DATASET RECORDS:
★ ★ ★ ★ ★ ★ ★

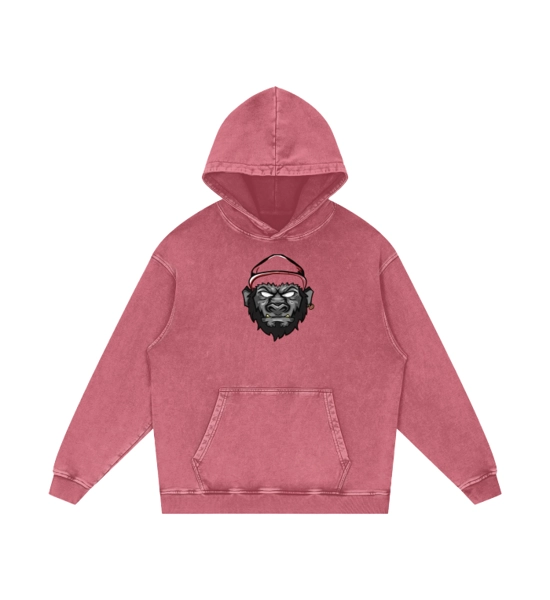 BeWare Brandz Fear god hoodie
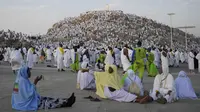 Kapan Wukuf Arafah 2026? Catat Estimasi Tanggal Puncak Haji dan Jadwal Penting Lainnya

★ ★ ★ ★ ★ ★ ★

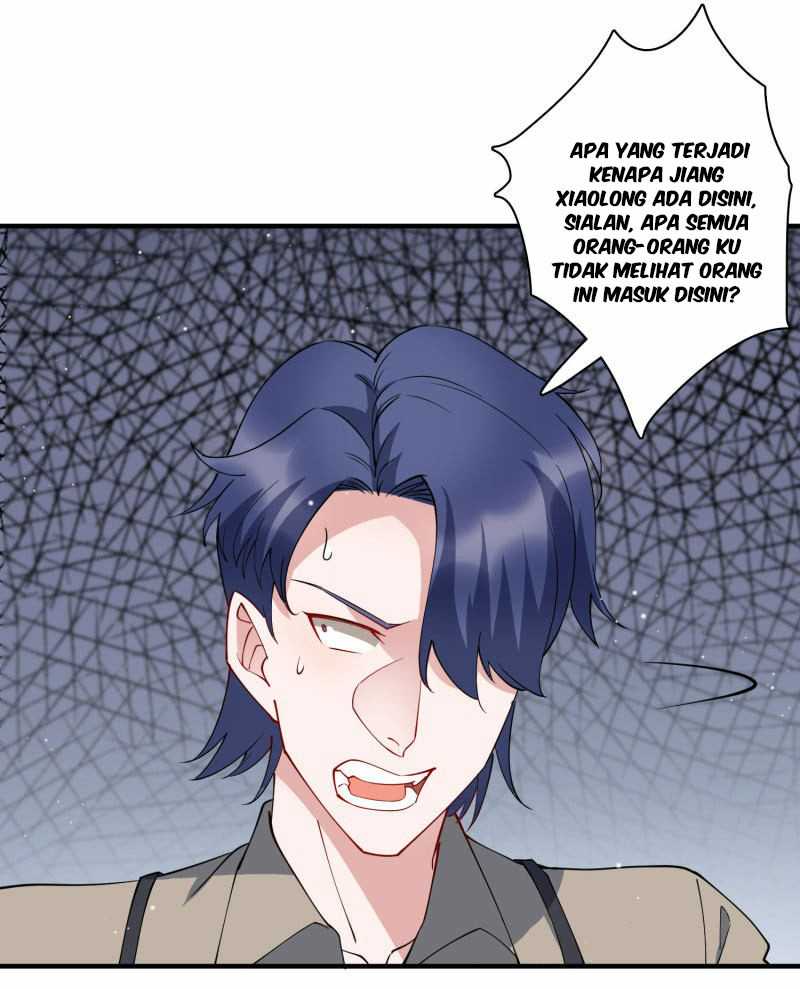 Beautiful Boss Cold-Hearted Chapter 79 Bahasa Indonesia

★ ★ ★ ★ ★ ★ ★

WORK TO COMPLETE: Copy only what lies between the line with "BeWare Brandz Fear god hoodie" and the line with "Kapan Wukuf Arafah", those two lines included, exactly as given above; pictures stay out.

WORKED SOLUTION:
 BeWare Brandz Fear god hoodie
 Kapan Wukuf Arafah 2026? Catat Estimasi Tanggal Puncak Haji dan Jadwal Penting Lainnya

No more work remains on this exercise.